Finansial

Perkuat Kepercayaan Publik, Industri Asuransi Nasional Fokus Benahi Tata Kelola dan Keagenan

Advertisement

Industri asuransi di Indonesia tengah melakukan transformasi besar-besaran melalui penguatan tata kelola perusahaan atau good corporate governance (GCG). Langkah ini diambil untuk memulihkan sekaligus meningkatkan kepercayaan masyarakat di tengah dinamika ekonomi yang menantang.

Penguatan Tata Kelola dan Mitigasi Risiko Gagal Klaim

Pengamat asuransi Irvan Rahardjo menjelaskan bahwa industri asuransi jiwa saat ini berada dalam fase transisi penguatan GCG. Meskipun banyak perusahaan telah menerapkan prinsip transparansi dan akuntabilitas, tantangan signifikan masih membayangi sektor ini.

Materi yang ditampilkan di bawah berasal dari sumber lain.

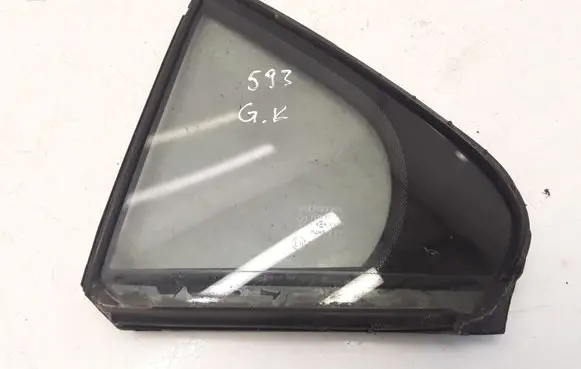 Rear vent window glass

Irvan menekankan pentingnya rasio risk based capital (RBC) sebagai indikator kesehatan keuangan. Menurutnya, implementasi Peraturan OJK Nomor 7 Tahun 2023 telah mendorong perusahaan asuransi untuk lebih berhati-hati dalam pengelolaan risiko, terutama pasca munculnya kasus gagal bayar di masa lalu.

Senada dengan hal tersebut, dosen asuransi syariah Wahju Rohmanti menilai indikator utama GCG yang sukses adalah ketiadaan kasus gagal klaim, baik dari sisi jumlah maupun waktu. Ia mendorong kewajiban penerapan asset liability management (ALM) untuk menciptakan sistem checks and balances yang lebih kuat.

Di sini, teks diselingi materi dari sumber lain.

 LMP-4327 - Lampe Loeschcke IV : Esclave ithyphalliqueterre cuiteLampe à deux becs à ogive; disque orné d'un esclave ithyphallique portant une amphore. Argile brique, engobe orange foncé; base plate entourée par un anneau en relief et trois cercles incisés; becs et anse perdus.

Target Ekuitas Minimum dan Konsolidasi Perusahaan

Otoritas Jasa Keuangan (OJK) telah menetapkan standar baru permodalan melalui POJK Nomor 23 Tahun 2023. Berdasarkan data per November 2025, sebanyak 115 dari 144 perusahaan asuransi dan reasuransi atau sekitar 79,86 persen telah memenuhi ketentuan ekuitas minimum tahap pertama.

Berikut adalah rincian modal minimum yang wajib dipenuhi paling lambat 31 Desember 2026:

Advertisement

  • Perusahaan Asuransi: Rp 250 miliar
  • Perusahaan Asuransi Syariah: Rp 100 miliar
  • Perusahaan Reasuransi: Rp 500 miliar
  • Perusahaan Reasuransi Syariah: Rp 200 miliar

Kepala Eksekutif Pengawasan Perasuransian OJK, Ogi Prastomiyono, menyatakan bahwa konsolidasi melalui merger atau akuisisi menjadi opsi sehat bagi perusahaan yang belum memenuhi syarat. Langkah ini diharapkan dapat memperkuat kapasitas industri secara jangka panjang.

Tantangan Integritas dalam Tata Kelola Keagenan

Di sisi lain, praktisi asuransi Andreas Freddy Pieloor menyoroti lemahnya tata kelola keagenan yang sering kali hanya diposisikan sebagai mesin produksi premi. Ia menilai proses rekrutmen yang dangkal tanpa seleksi moral dan intelektual yang ketat dapat memicu risiko misselling bagi nasabah.

Andreas juga mengkritik praktik agent poaching atau pembajakan agen antarperusahaan yang mengabaikan etika industri. Selain itu, sistem komisi yang terlalu berorientasi pada premi tahun pertama dianggap memicu perilaku mengejar target jangka pendek tanpa memedulikan kualitas perlindungan konsumen jangka panjang.

Informasi mengenai perkembangan tata kelola industri asuransi ini merujuk pada data resmi Otoritas Jasa Keuangan dan pernyataan para ahli yang dirilis hingga Februari 2026.